Chow Take note, nonbelievers
`Drippings beneath vat at chocolatier bear resemblance to mother of Jesus’
Workers at Angiano’s gourmet chocolate company, Bodega Chocolates, discovered under a vat a 2-inch-tall column of chocolate drippings that they believe bears a striking resemblance to the Virgin Mary.Since the discovery Monday, Angiano’s employees have spent much of their time hovering over the tiny figure, praying and placing rose petals and candles around it.
It’s heartwarming to know that while some religious fanatics foam themselves silly over the apocalypse, other, more benign and adorable fanatics take comfort that God still reveals Himself in the details (specifically, junk food).
Chocolate drippings usually harden in thin, flat strips on wax paper, but Jacinto said she froze when she noticed the unusual shape of this cast-off: It looked just like the Virgin Mary on the prayer card she always carries in her right pocket.“I have big problems right now, personally, and lately I’ve been saying that God doesn’t exist,” she said, pulling the dog-eared prayer card out of her pocket. “This has given me renewed faith.”

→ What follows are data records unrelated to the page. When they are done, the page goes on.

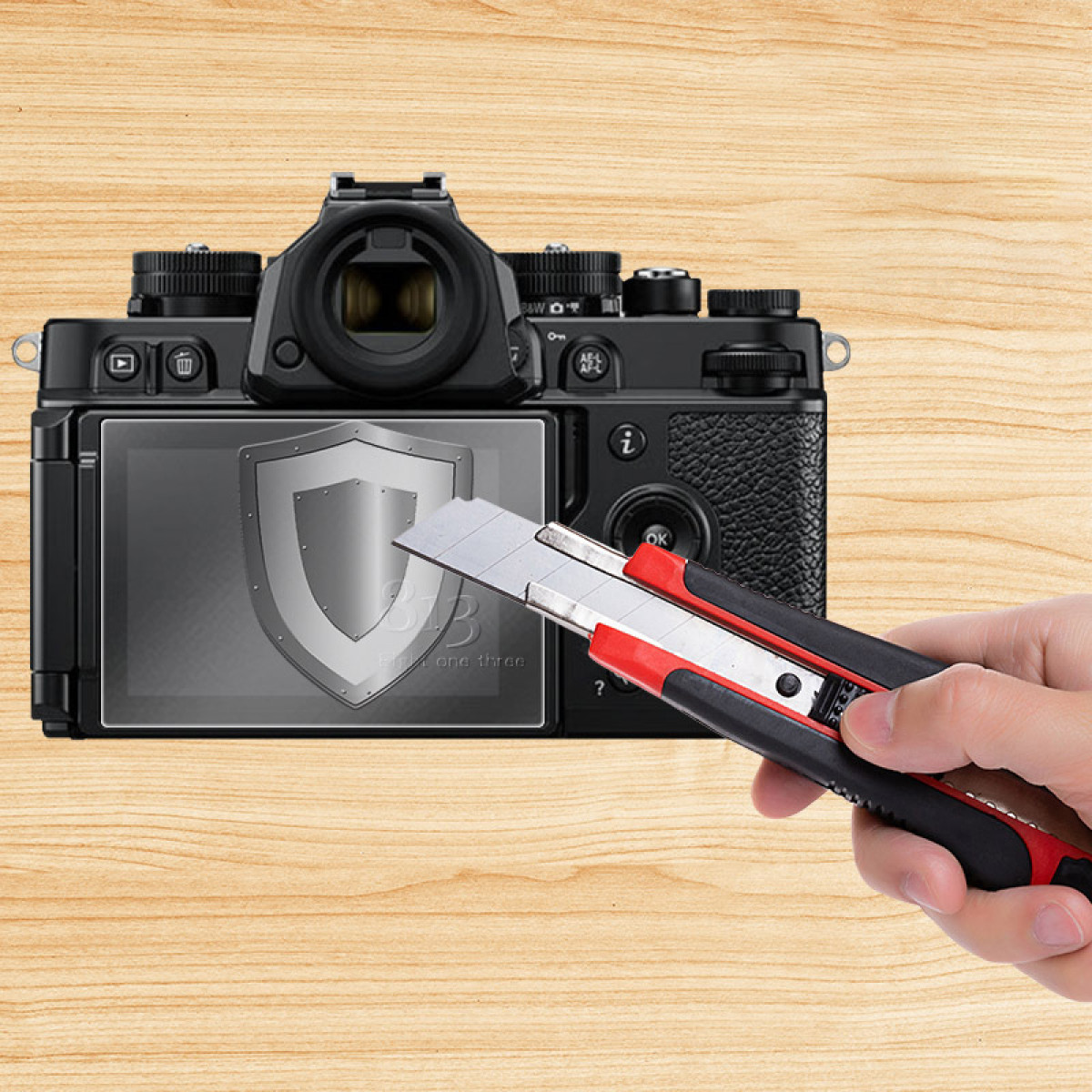 Czarny aparat z ochraniaczem ekranu, nóż przecinający ochraniacz. Drewniane tło. Ręka trzymająca nóż.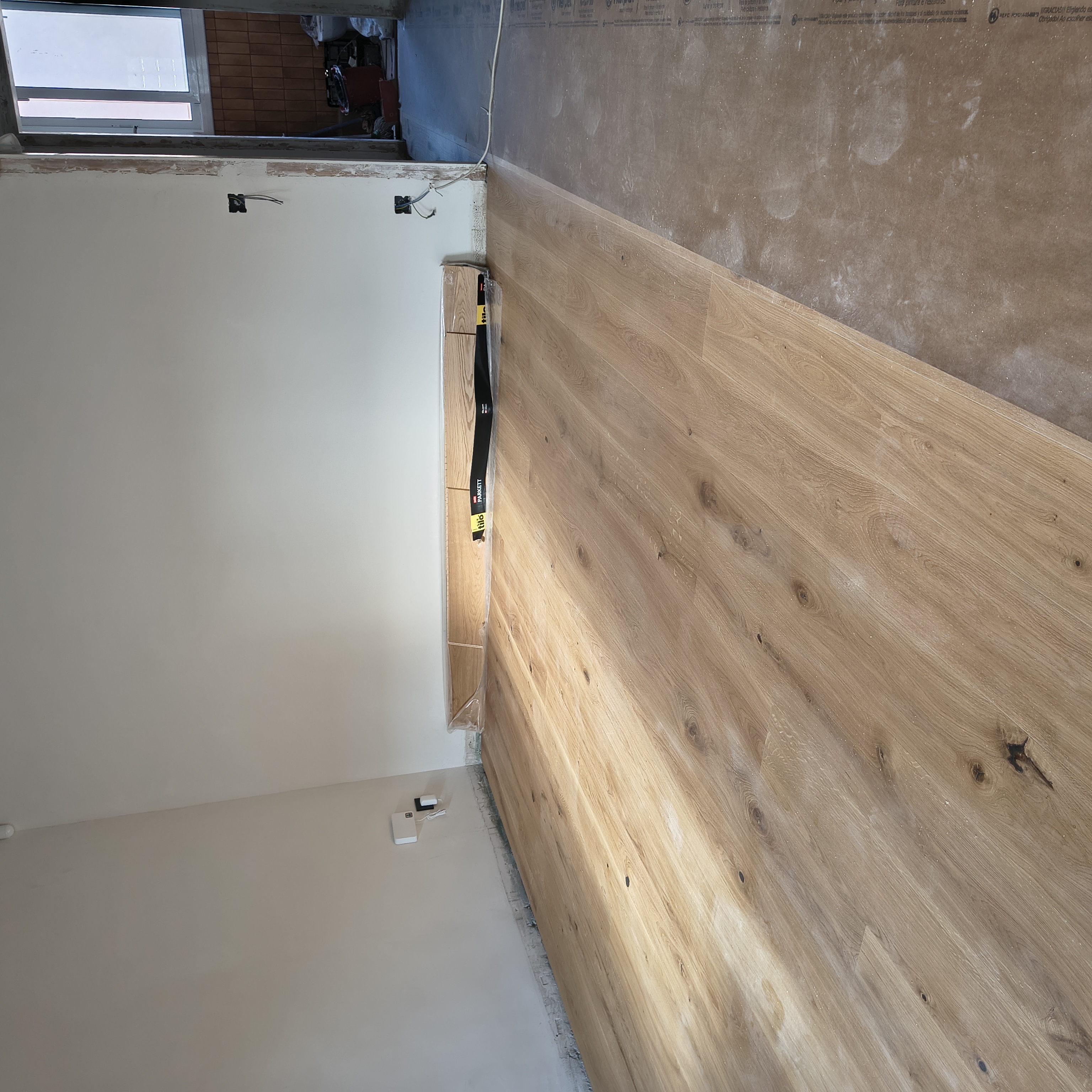 Parquet parcialmente colocado y zona protegida con cartón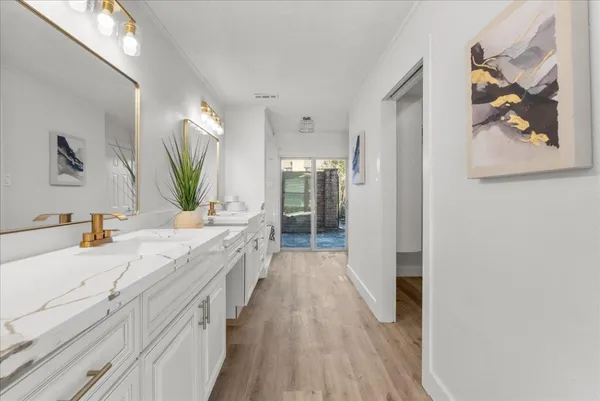 a bathroom with bathtub and window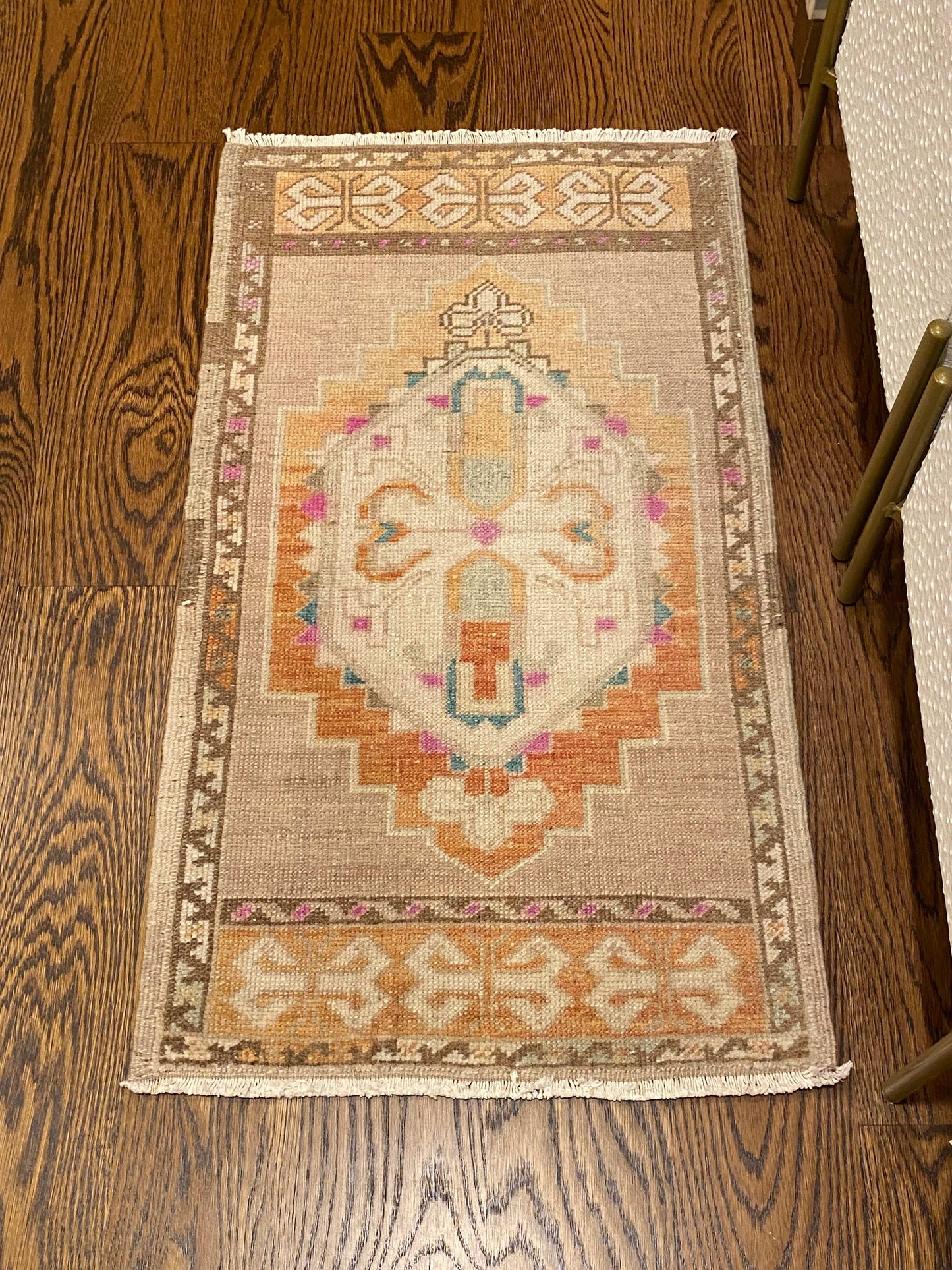 Vintage 1’8”x2’11” Oushak mat in beige, brown, orange, pink, and blue.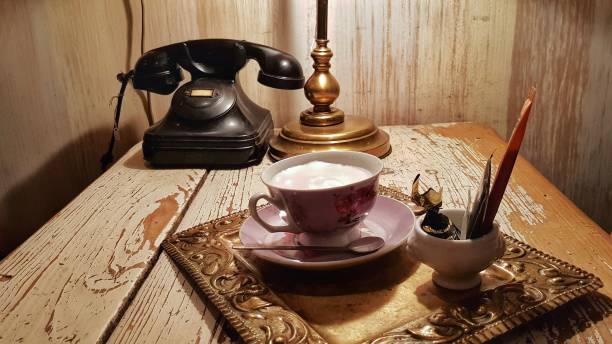 istock Coffee and a black old telephone with a vintage aspect 1161440870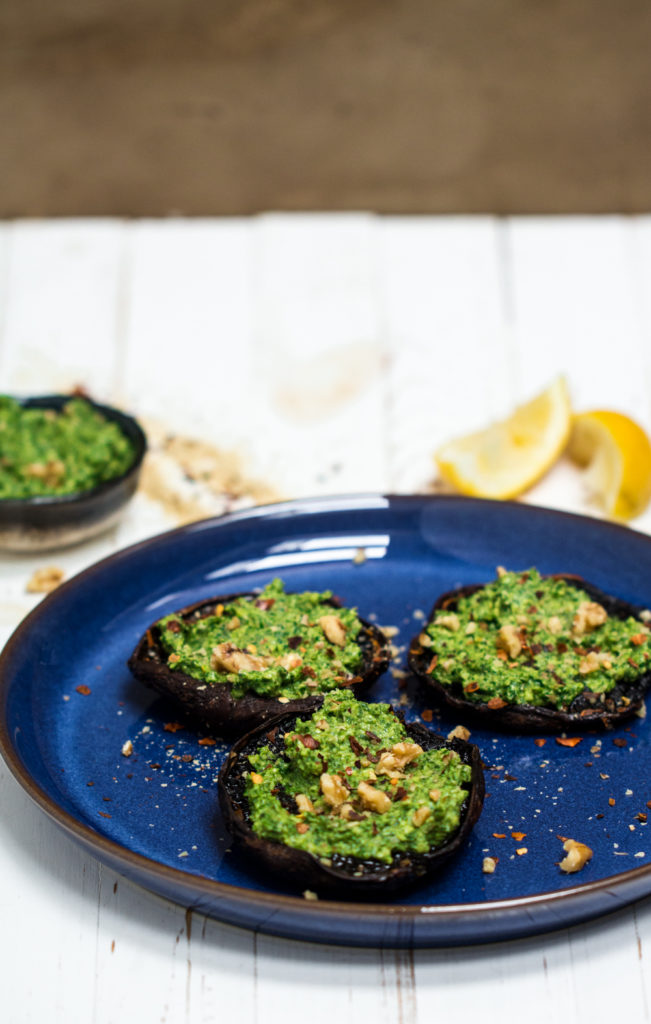 Raw portabellas with rocket pesto on a blue plate on a blue background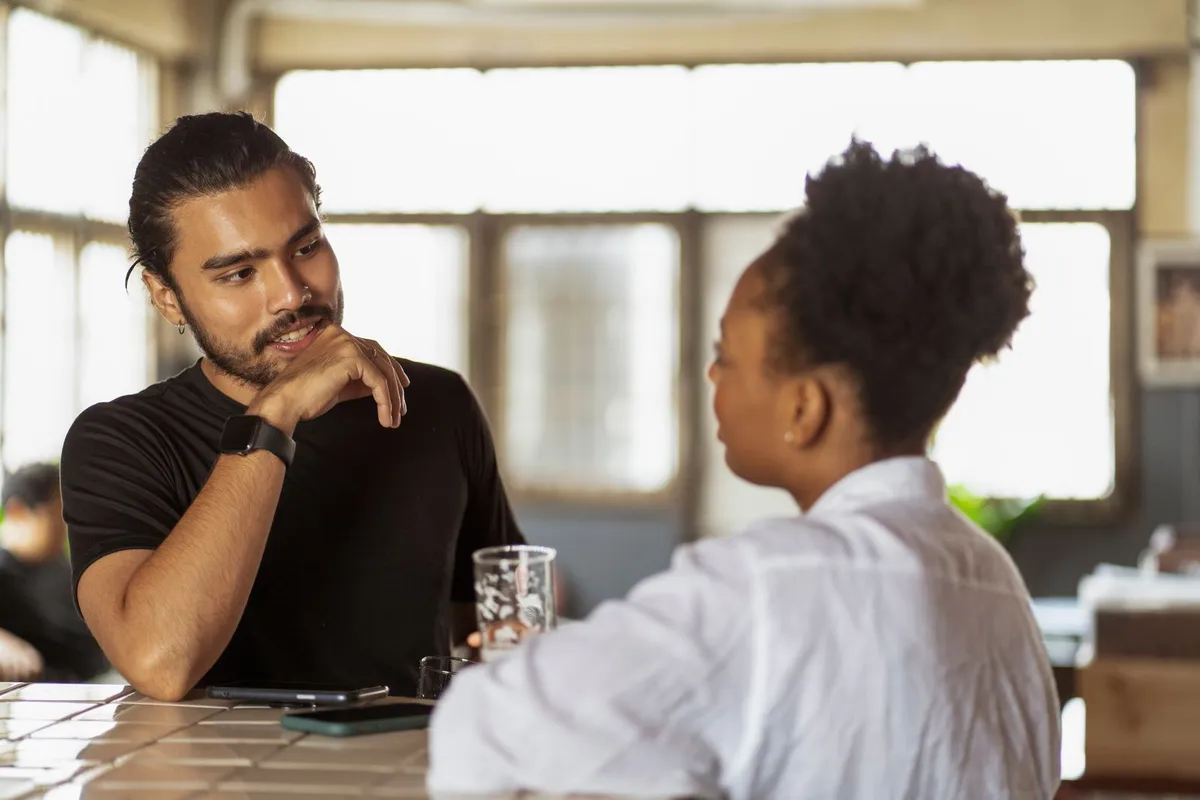 Un hombre y una mujer conversando e intercambiando opiniones en interior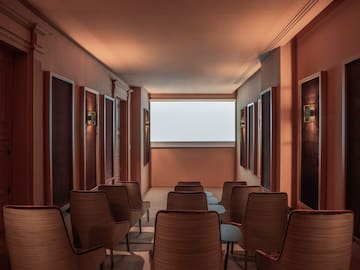 a room with chairs and a large screen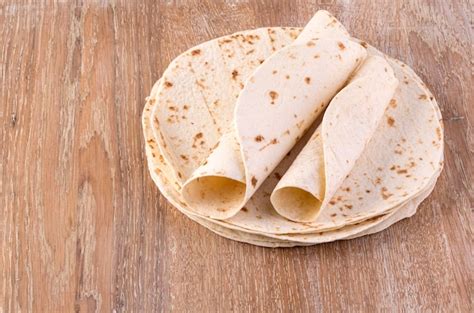 Premium Photo | Tortilla on wooden table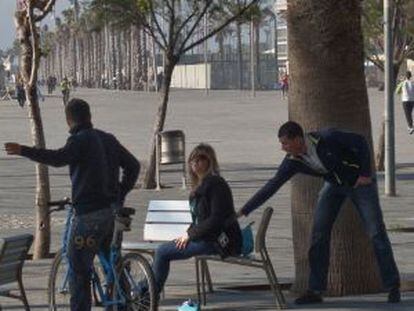 Un carterista roba a una turista en la Barceloneta mientras otro la distrae.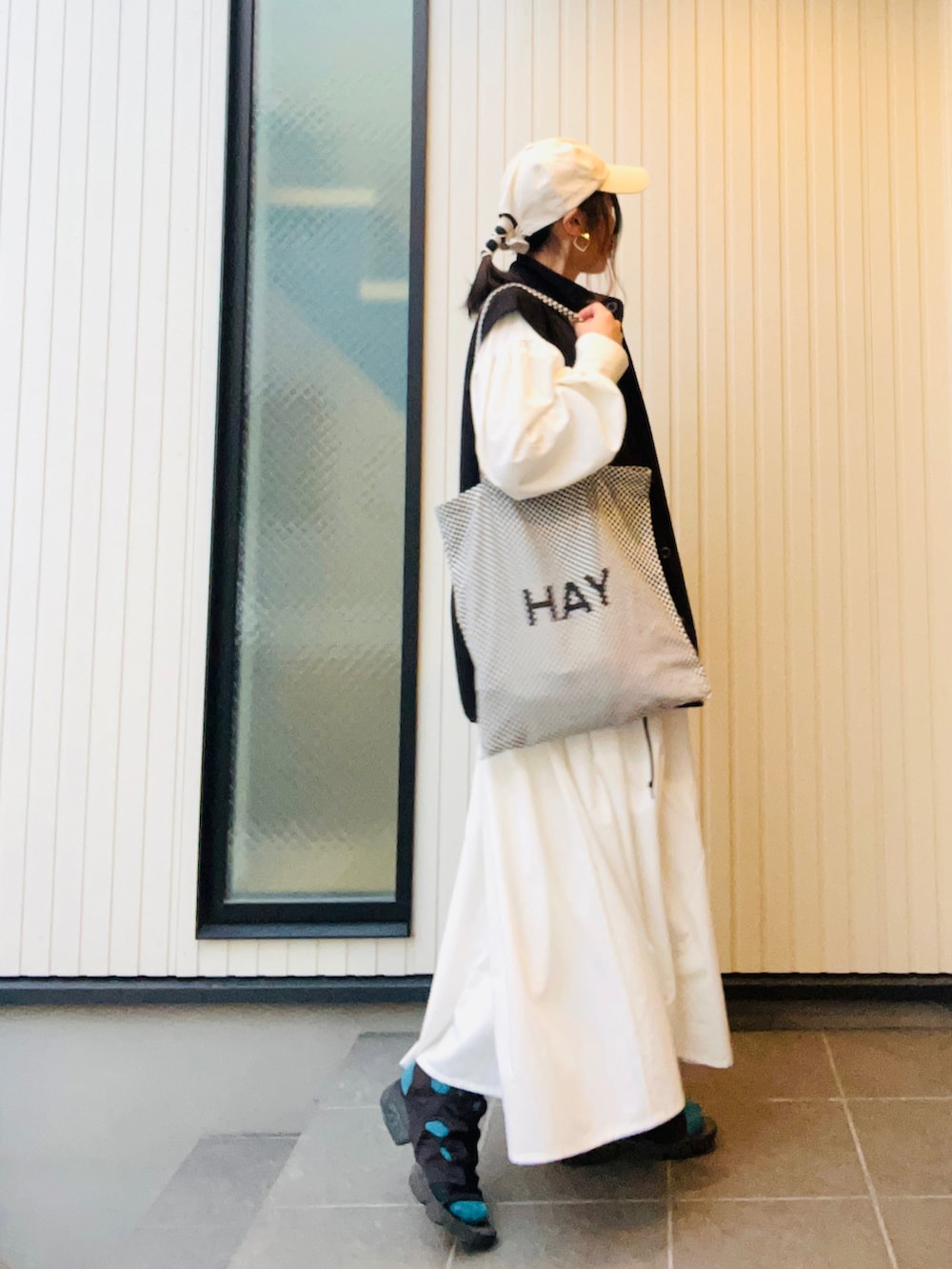 ホワイト系のワンピース、ブラック系のベスト、その他のトートバッグを着用したレディースの春コーディネートの2枚目の写真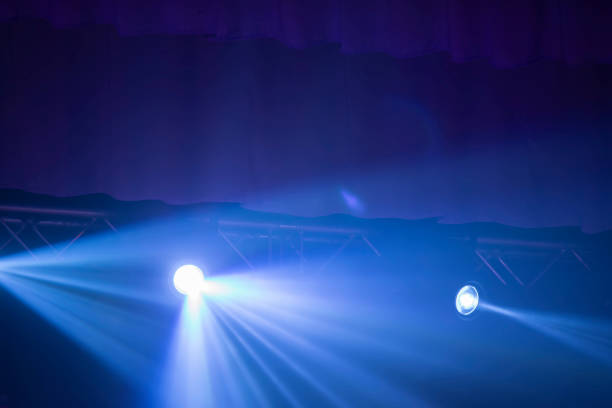 istock Blue rays of a stage spotlight on a dark background. 1342045481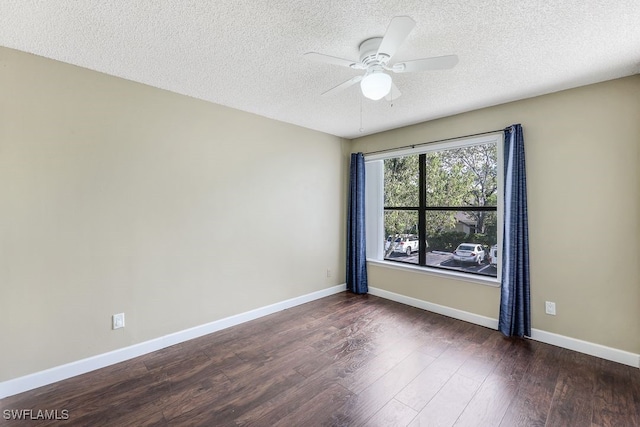 unfurnished room with a textured ceiling, a ceiling fan, baseboards, and wood finished floors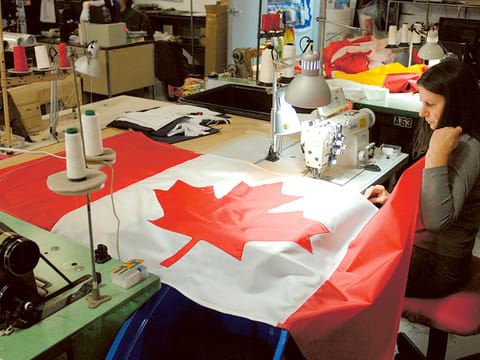 A woman makes a Canadian flag 
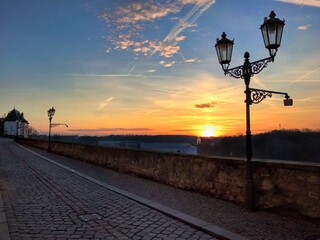 Cobblestone street with vintage street lamps at sunset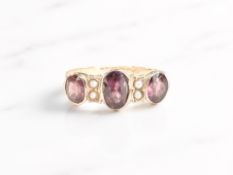 A 9ct gold amethyst and pearl ring, size R CONDITION REPORT: 1.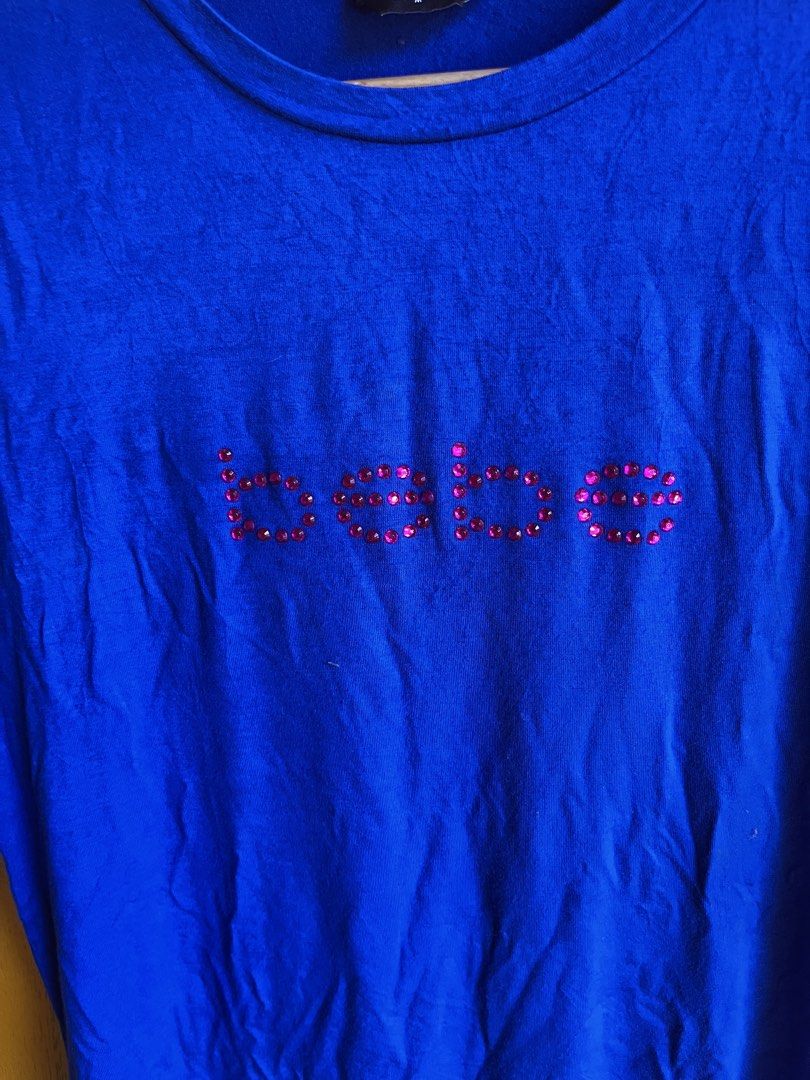 bebe Blue T-shirt with Rhinestone Logo (Category: Shirts) located in Manila. Submitted by seth_inting. (Listing ID 1469910227, Image 3). Description: - Brand: bebe - Color: Bright blue - Size: M - Material: Soft cotton blend - Details: Pink rhinestone logo embellishment on chest, crew neck, standard fit - Condition: Great for casual everyday wear - Origin: Made in China.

Confidential to God: Some people take comfort in divine chocolate drippings, but my faith will continue to suffer until Mary reveals herself in the shape of a mole on my ass.
So is it la virgen de Guadalupe or la virgen Maria? The Italian owner sees the Madonna and the Mexicano workers see la virgen de Guadalupe. Frankly, it looks just like a misty turd.
Man, my people love their Roman Catholic nonsense. It breaks my heart to read about workers kneeling and praying to a piece of chocolate.